Chris Angelico writes:

 > Both processes are using the virtual memory. Either or both could be
 > using physical memory. Assuming they haven't written to the pages
 > (which is the case with executables - the system mmaps the binary into
 > your memory space as read-only), and assuming that those pages are
 > backed by physical memory, which process is using that memory?

One doesn't know.  Clever side-channel attacks aside, I don't care,
and I don't see how it could matter.

 > >  > Tell me, which process is responsible for libc being in memory?
 > >  > Other than, like, all of them?
 > >
 > > Yes.  Why would you want a different answer?
 > 
 > Because that would mean that I have way more *physical* memory in use
 > than I actually have chips on the motherboard for.

No, that's like saying that because you have multiple links to a file
on disk you're using more physical disk than you have.

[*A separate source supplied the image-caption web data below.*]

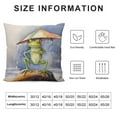 thumbnail image 5 of Nawypu  Rainy Day Frog Throw Pillow Covers Pillow Cases Square Decorative Pillow Covers Soft Cushion Covers for Couch Sofa Bed Home Farmhouse Living Room Decoration Pillowcases, 5 of 5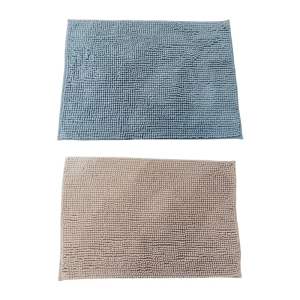 Thick Chenilles Bath Mat Soft Super Absorbent Nonskid Backing Shower Rug Modern Bathroom Decoration Floor Carpet Decors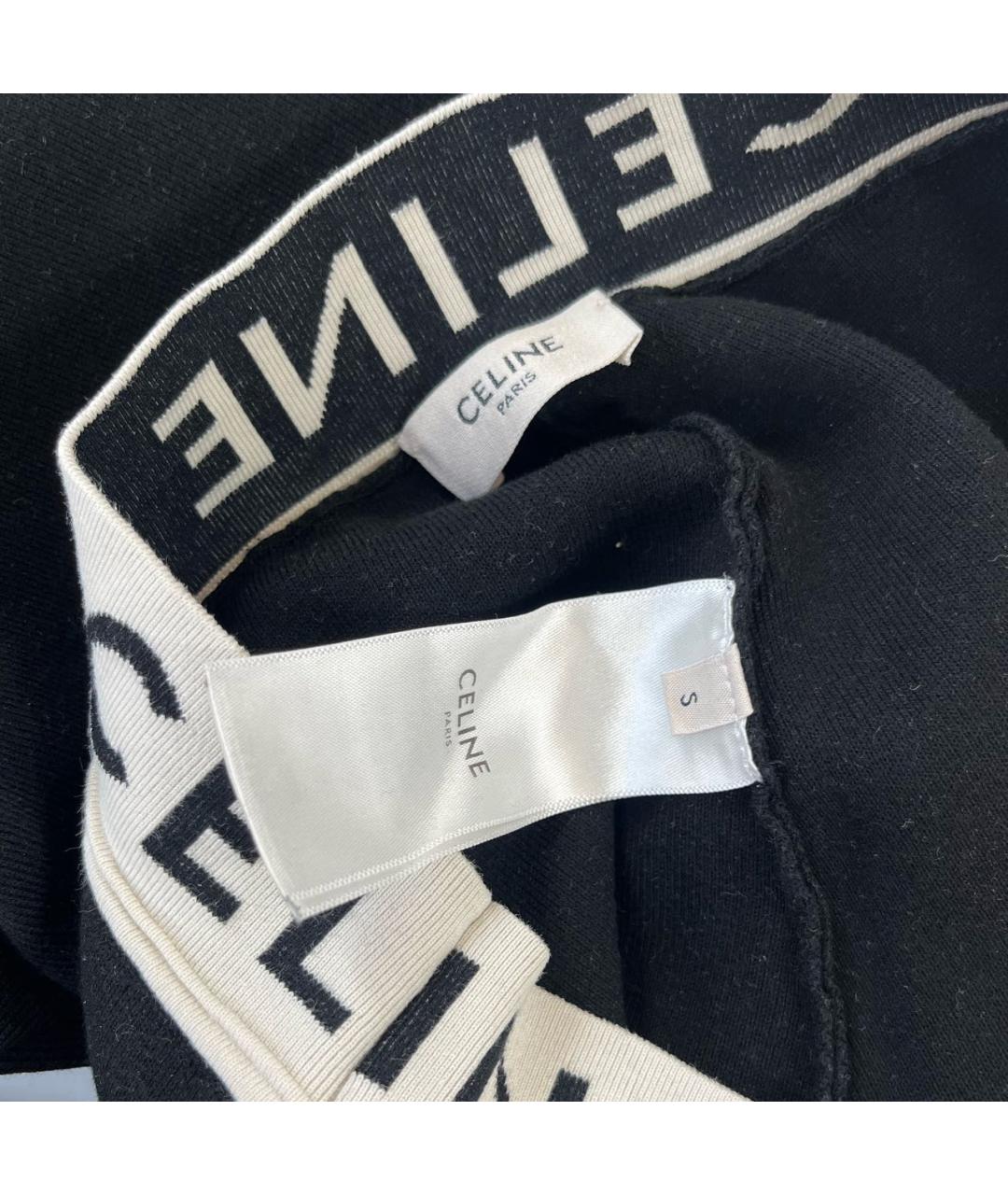 CELINE Черные хлопковые леггинсы и велосипедки, фото 4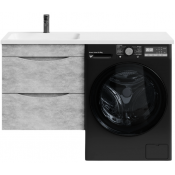 Тумба с раковиной Vod-ok Смайл 120 L подвесная, горный камень 57807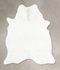 Light Grey Large Brazilian Cowhide Rug 7'0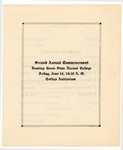June 1916 Commencement Program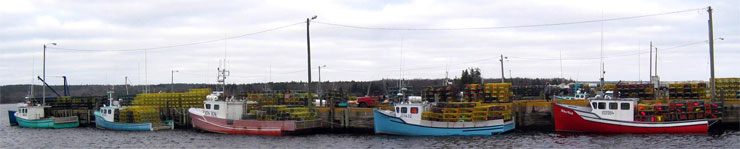 Lobster fishermen ready their boats for the start of the season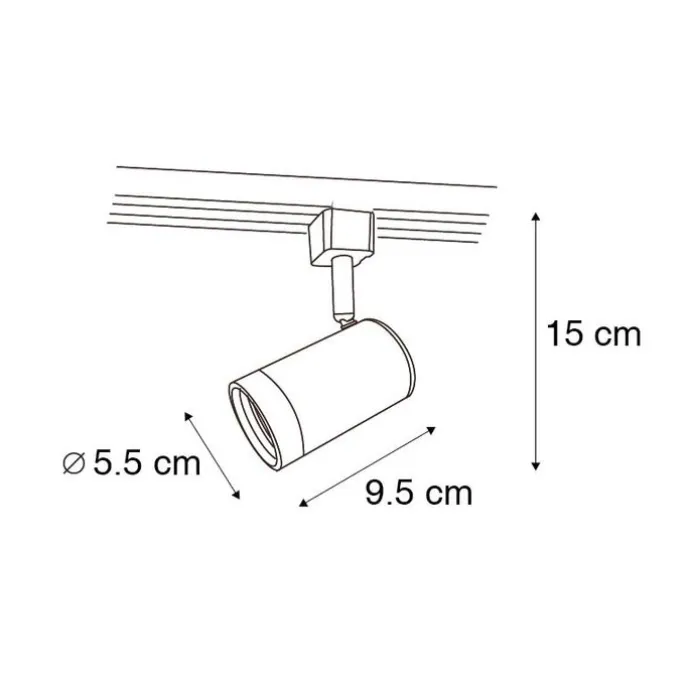 Moderner 1-phasiger Schienenstrahler weiß - Iconic Jeana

 > Yes, virtual memory can be over-allocated, but physical memory
 > can't. How do you measure where your physical memory is being used,
 > if adding up the usage of all processes exceeds the available
 > resources?

lsof can do it, I guess.  The kernel knows which pages of which
processes' virtual memory are backed by physical memory.  But just as
running over the array of inodes tells you how much physical disk is
allocated, without looking at directories to find out what it's
allocated to, the kernel probably has a bitmap or similar so it knows
which pages of physical memory are in use.